The satisfied melancholy that comes after a good thing that’d been good for a long time, came to a good and natural end.
“The amount of people who asked to work on this thing, it gave the floor managers headaches just finding enough screws for every hand to turn. They all wanted to be part of the last one.”
He turned to face the camera drones. “They all wanted to say I did it. I was there at the end. Now I am the last Boeing employee to assemble a part on a new Seven Forty Seven.”
A soft smile fell on his lips. He placed his commemorative screwdriver on the flight engineer’s console.
“Seniority has its privileges I guess.”
“Congratulations,” said Mitchell
“Congratulations,” said Kelsey.
“Con-gratu-lations,” bounced one of the influencers.
Only after the final screw had been turned, and the applause had died, did everything make sense.
How many thousand people had felt the same way?
“Congratulations,” she said, In a tone that reminded her of a very different ending. In that moment, a couplet came to mind - the first lines of a song that already seemed familiar, but which she couldn’t quite place.
I am the last one of my line, the last to take the throne.
Once my kind they ruled the skies, but now I reign alone.
The words played on repeat in the back of her mind as Jet recorded the same interview at least four times - the same basic question with the same basic answer, only the words that shaped them changed.
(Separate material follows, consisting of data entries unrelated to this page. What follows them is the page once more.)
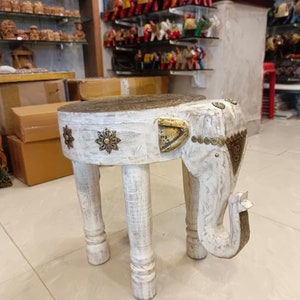 May include: White wooden elephant stool with gold accents and a carved design. The stool has three legs and a round top.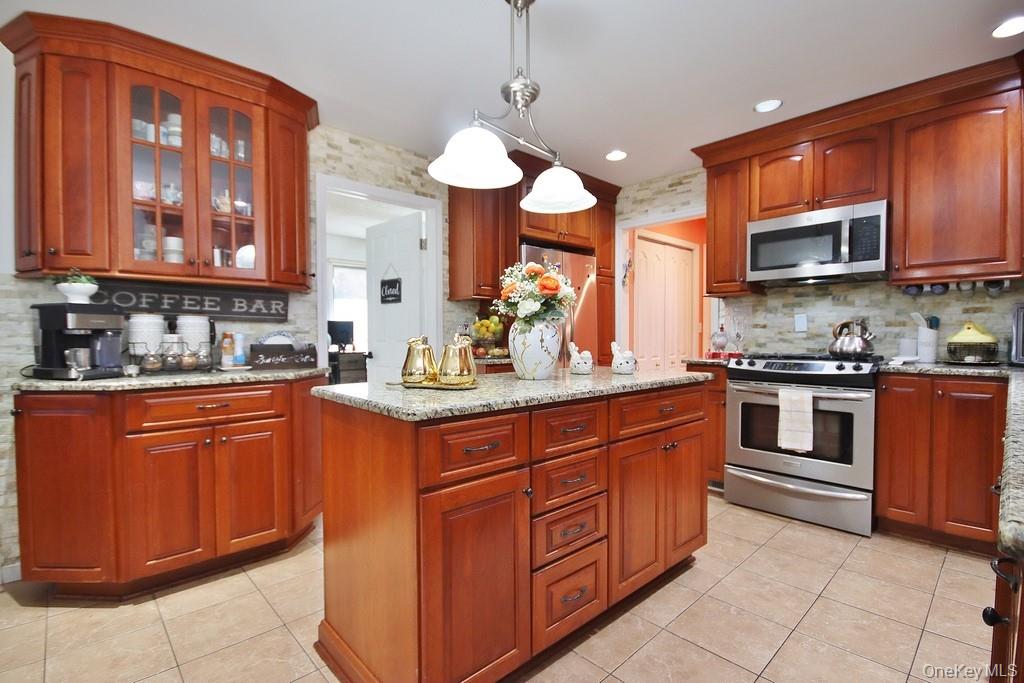 7 Park Place Chester, NY 10918 - Photo 6 of 48 a kitchen with stainless steel appliances granite countertop wooden cabinets a sink and a stove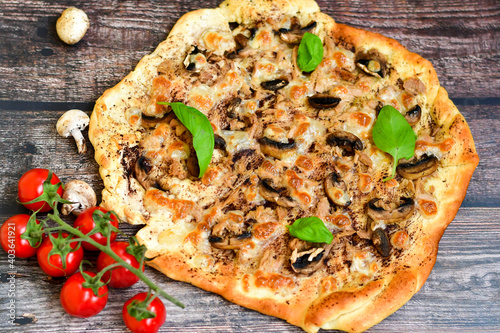  Home made Tuna fish italian style pizza. Parmesan cheese, mozzarella , mushrooms,olives cherry tomatoes and ,fresh basil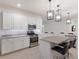 Bright kitchen featuring white cabinets, granite countertops, stainless steel appliances, and stylish pendant lighting at 3512 Scrub Creek Run, Lakewood Ranch, FL 34211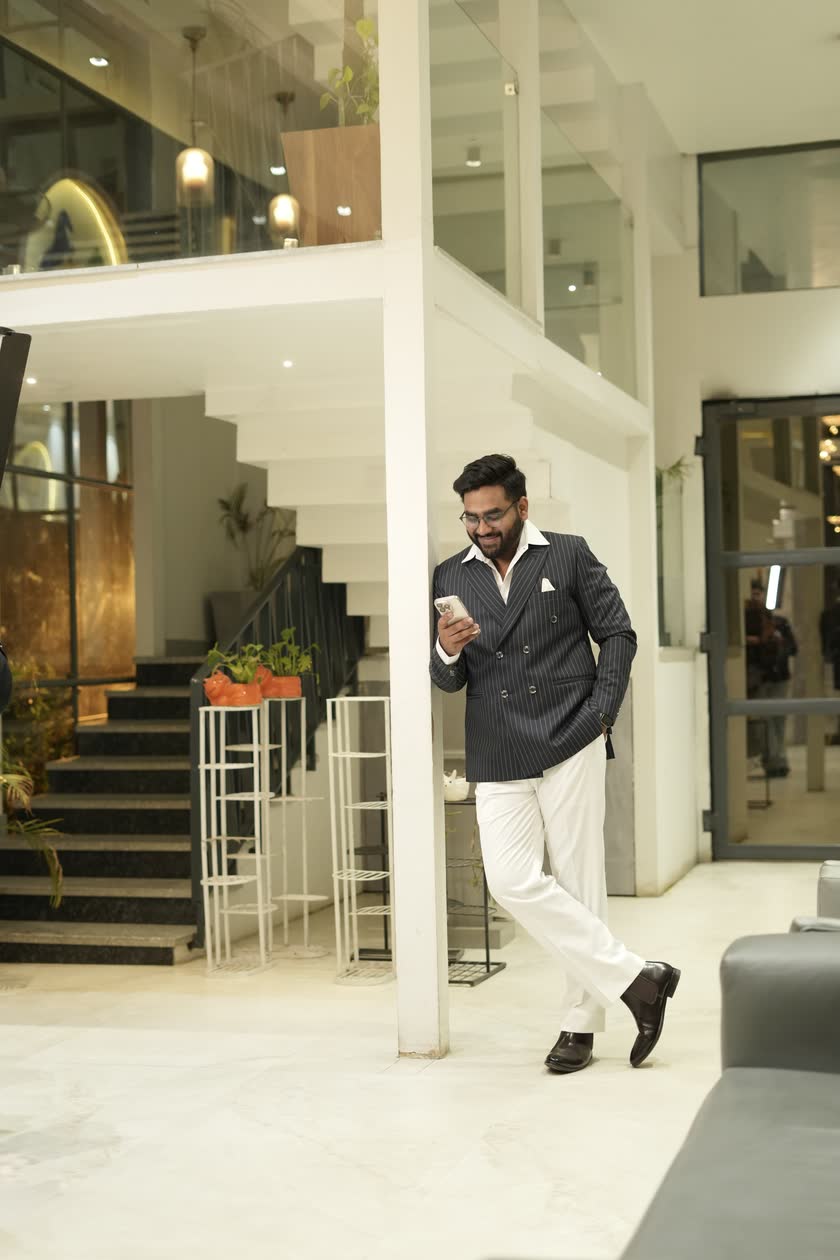 Harsh Agarwal in a pinstripe suit, leaning on a pillar and checking his phone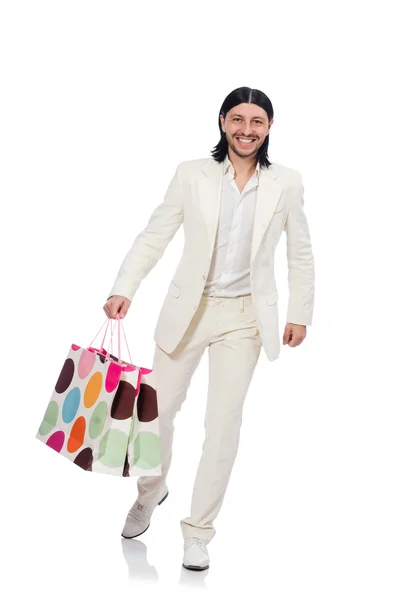 Man med shoppingväskor — Stockfoto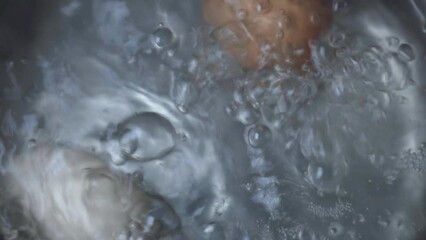 Chicken eggs are boiled in boiling water.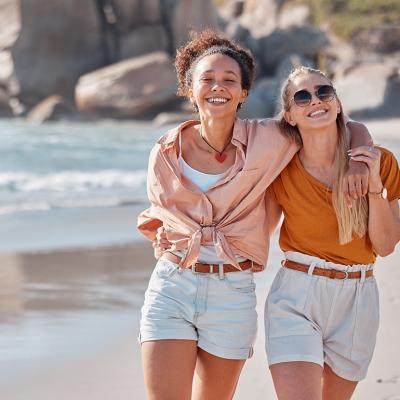 A happy lesbian couple walking on the beach.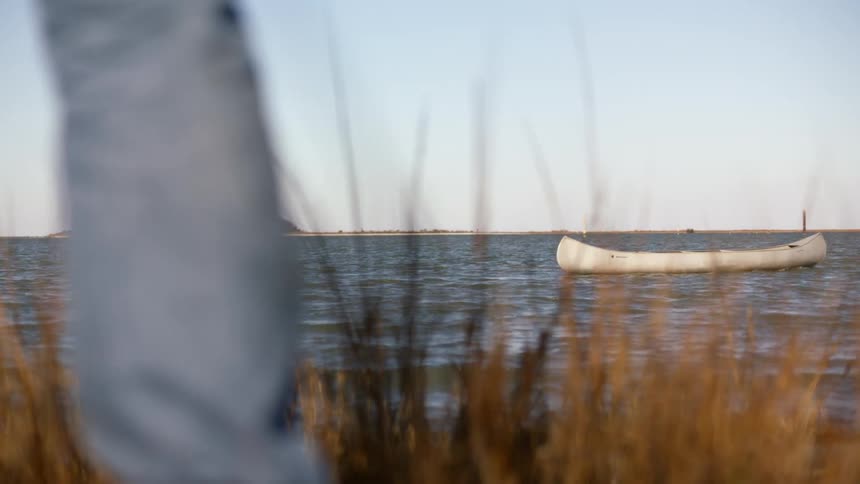An empty row boat moves across the water by itself while someone watches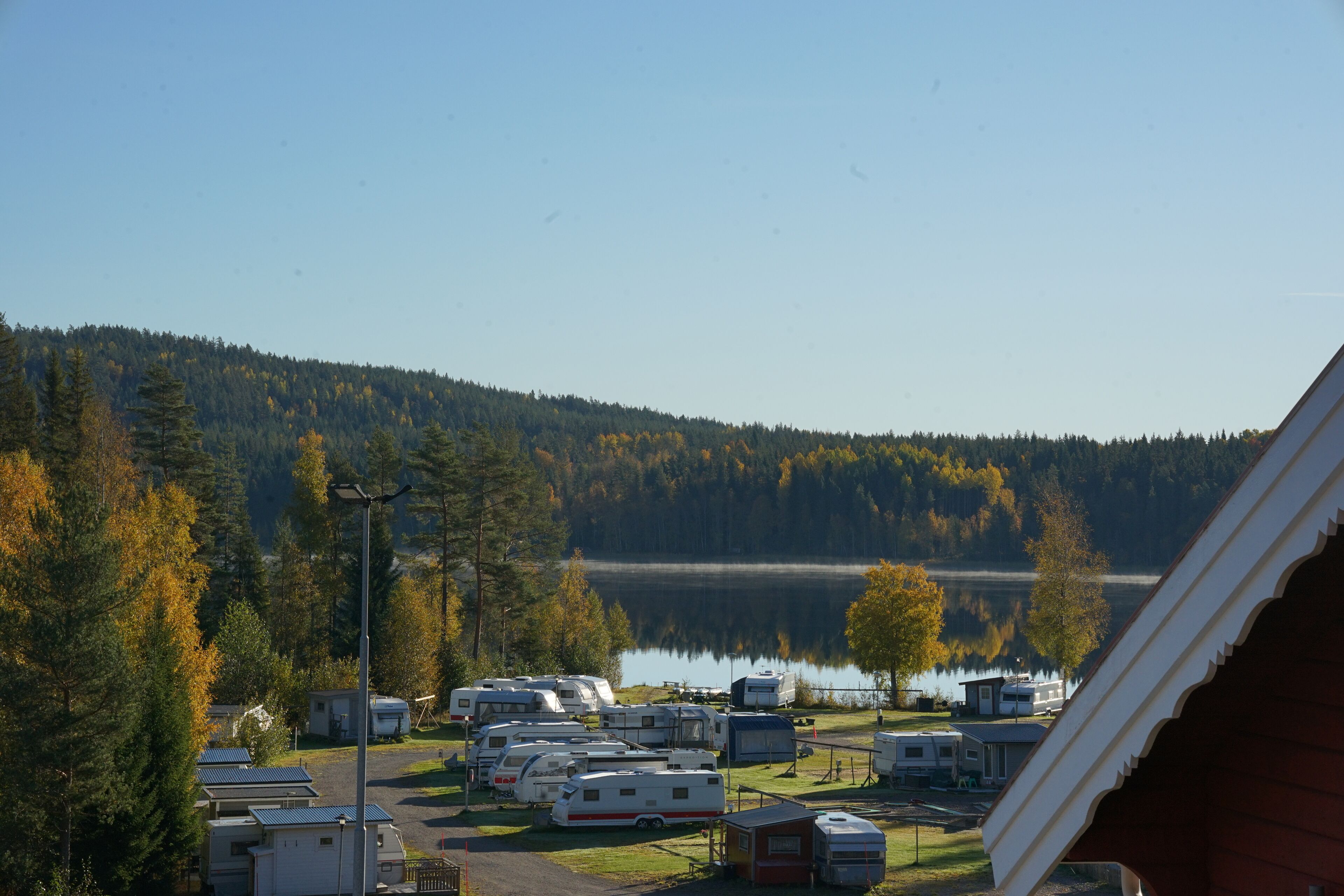 Un camping con vehículos recreativos y casas móviles, un lago y colinas boscosas.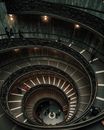 People Walking on Spiral Staircase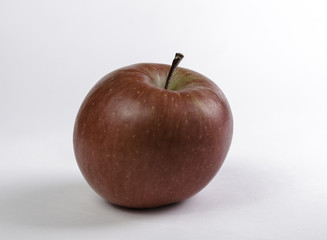 Red apple on a white surface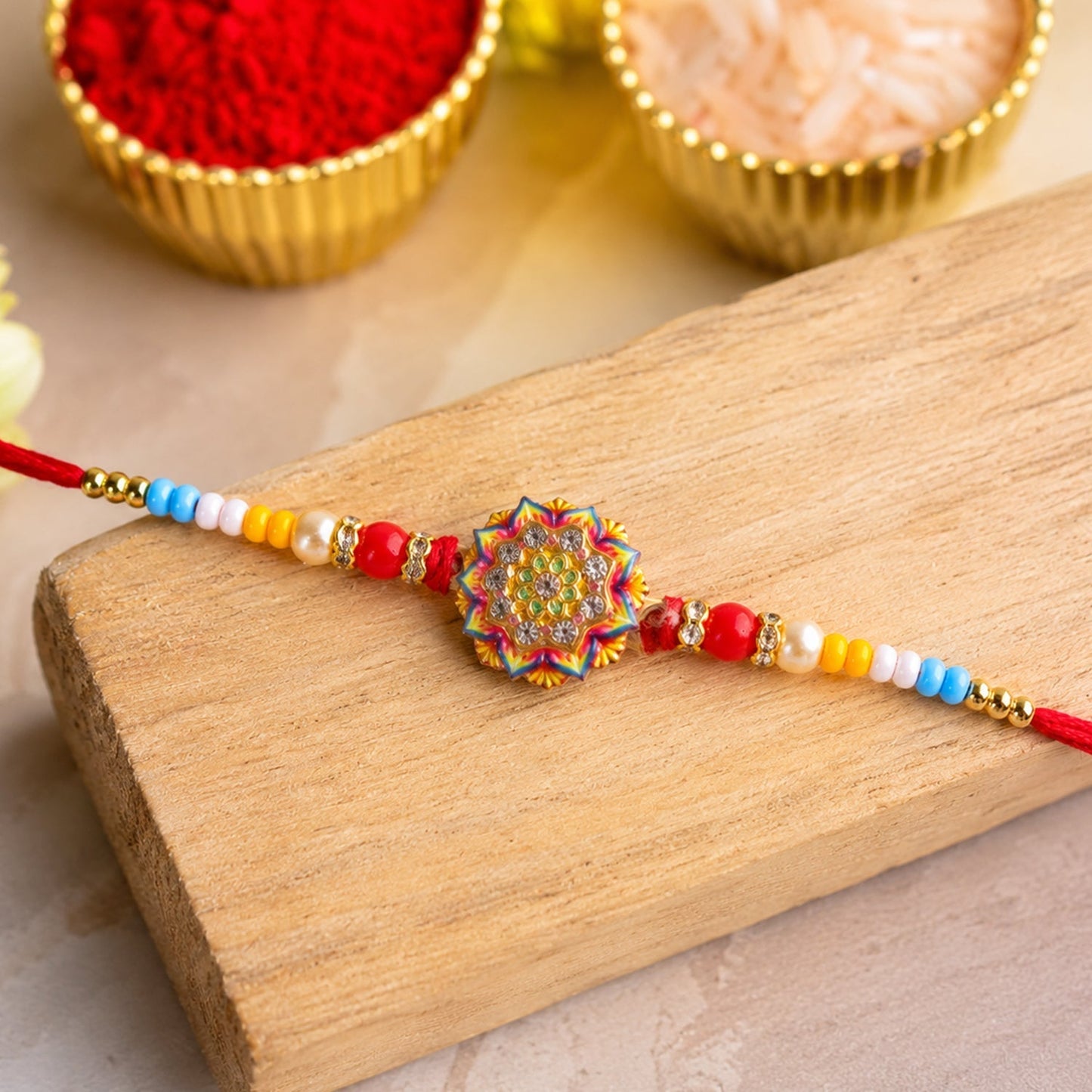 Top view of designer Rangoli Mandala Rakhi with beads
The influencers demanded to have their backs scratched.
And both Boeing and Jet needed someone to talk about the jet, to show it off, to get it noticed, to get contracts and charters to pay the bills or new orders to cover some of the sunk costs.
The speakers on the overhead chimed once, bring a hush
“Lady and Gentlemen, this is your Captain speaking,” Jet could hear the grin on Mitchell’s voice as he spoke. “I’d like to welcome you aboard this very special flight. The inaugural flight for this aircraft and this airline.”
It’s not really an airline, Jet thought.
“Our flight today will take us westbound out over the Pacific Ocean for about two hours, before we turn and begin our orbital climb. The weather is not the nicest it could be but we expect smooth sailing all the way out. We expect to arrive at station Stellvia at 4pm Station time.”
“Quick flight,” said one of the influencers.
Jet would’ve done it in minutes.
“We are very lightly loaded today and we will be giv’n’r some so this will be a faster take-off than normal, and we have been asked to make a circle back over the field before we commence our climb. Now settle back while we start our engines, and try to enjoy the ride.”
The idea of taking a seat on an airliner and buckling in struck her as utterly absurd, even as everyone else began to stare and wait for her to take the one remaining seat, right at the front beside the window.
It’d been agreed and assigned.
She thought about going overboard and watching the take-off the old-fashioned way, maybe following for some video footage, or taking a spin in the turbulence coming off the wings.
All the other influencers were there, one more ‘Mystery Iron Girl’ video after thirteen years would probably find a welcome audience.
“Don’t tell me you're afraid of flying,” said Hank, with a smirk.
“Not used to being a passenger,” she answered quickly. “Last time I took a plane was a Ryanair to Gatwick.”
A lifetime ago.
If she didn’t have to actually fly it, or talk to someone, she always stood. She moved around. She did anything but strap herself in and let the journey happen.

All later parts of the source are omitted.